What taxes do freelancers pay in the UK?
If you're new to freelancing, this section covers the basics.
A freelancer pays tax on their profits - not their total income.
Profit is what's left after you subtract allowable business expenses from your total income.
You'll typically pay:
Income Tax
National Insurance
Unlike employees, tax isn't deducted automatically. You calculate and pay it yourself through Self Assessment.
Income Tax (2026/27)
GOV.UK: Income Tax rates and Personal Allowances
Band | Rate | Income range |
Personal Allowance | 0% | Up to £12,570 |
Basic rate | 20% | £12,571 – £50,270 |
Higher rate | 40% | £50,271 – £125,140 |
Additional rate | 45% | Over £125,140 |
National Insurance
GOV.UK: Self-employed National Insurance rates
Class 2: abolished for most self-employed workers since April 2024
Class 4:
6% (£12,570–£50,270)
2% (above £50,270)
The golden rule
Set aside 25–30% of everything you earn for tax. Higher-rate taxpayer? 35–40%.
This is non-negotiable - and it's where most freelancers go wrong.
What are payments on account?
Payments on account are advance tax payments towards your next tax bill.
They apply when your Self Assessment bill exceeds £1,000. GOV.UK: Understand your Self Assessment tax bill
Why they catch freelancers out
In your first year, you don't just pay your tax bill - you also prepay the next one.
👉 Result: you can pay ~150% of your tax bill in one go
Example
Say you go freelance in June 2025 and earn enough to owe £6,000 in tax for the 2025/26 tax year.

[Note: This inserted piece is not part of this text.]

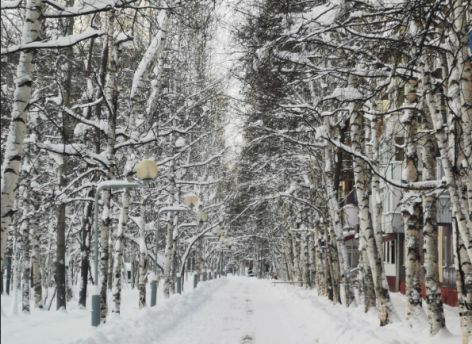 В Нижневартовске сделают бульвар в стиле Арбата за 87 миллионов рублей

Here's your payment timeline:
When | What | Amount |
31 Jan 2027 | Full 2025/26 tax bill | £6,000 |
31 Jan 2027 | 1st payment on account (50% of last year) | £3,000 |
31 Jul 2027 | 2nd payment on account | £3,000 |
Total by July 2027 | £12,000 |
That's £9,000 hitting your account on a single day in January - then another £3,000 six months later. If your actual 2026/27 bill turns out to be lower, you get the difference back. But the cash flow hit in year one is real.
The fix: Save monthly from day one. Don't wait until January.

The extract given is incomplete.